**EXERCISE INPUT**

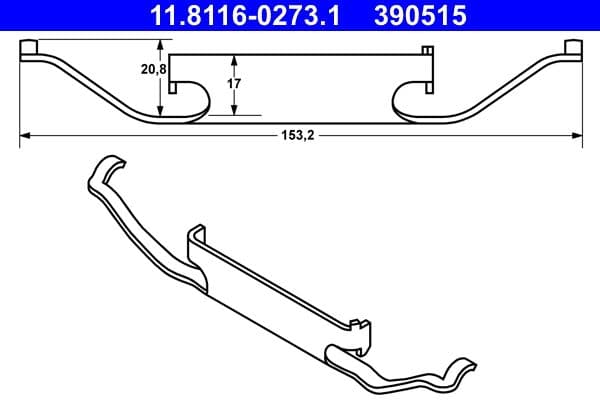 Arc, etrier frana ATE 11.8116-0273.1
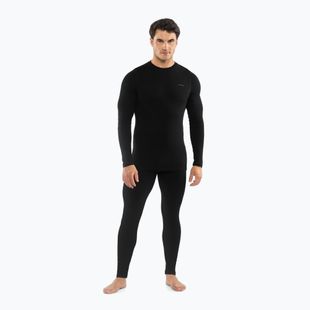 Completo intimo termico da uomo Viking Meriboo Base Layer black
...
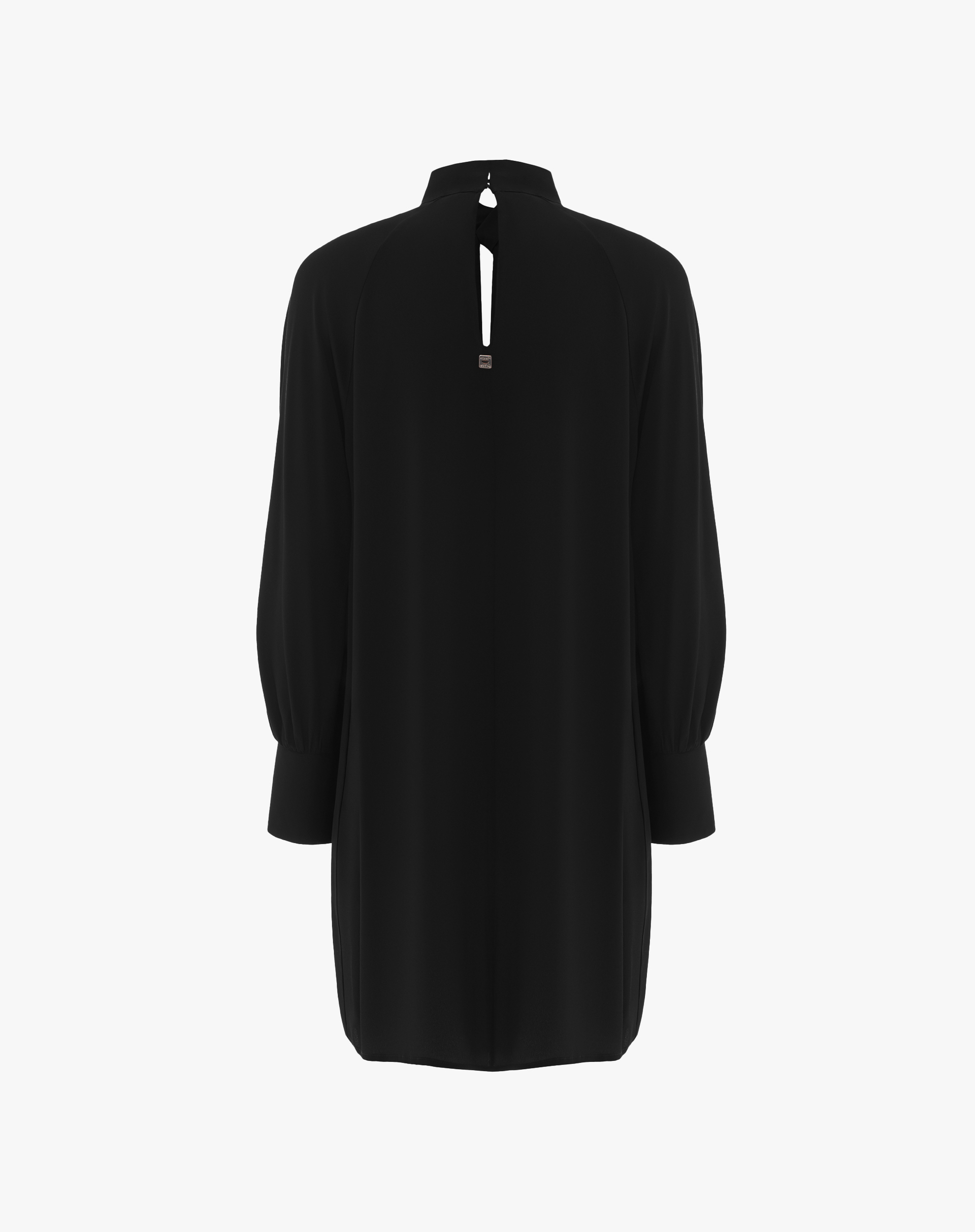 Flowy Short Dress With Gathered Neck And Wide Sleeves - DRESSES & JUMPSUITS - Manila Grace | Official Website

**WHAT YOU ARE ASKED TO DO**
Please return the data above exactly as it stands from the line with "Arc, etrier frana ATE 11.8116-0273.1" to the line with "Completo intimo termico", keeping both of those lines but none of the pictures.

**RESPONSE BELOW**
 Arc, etrier frana ATE 11.8116-0273.1
 Completo intimo termico da uomo Viking Meriboo Base Layer black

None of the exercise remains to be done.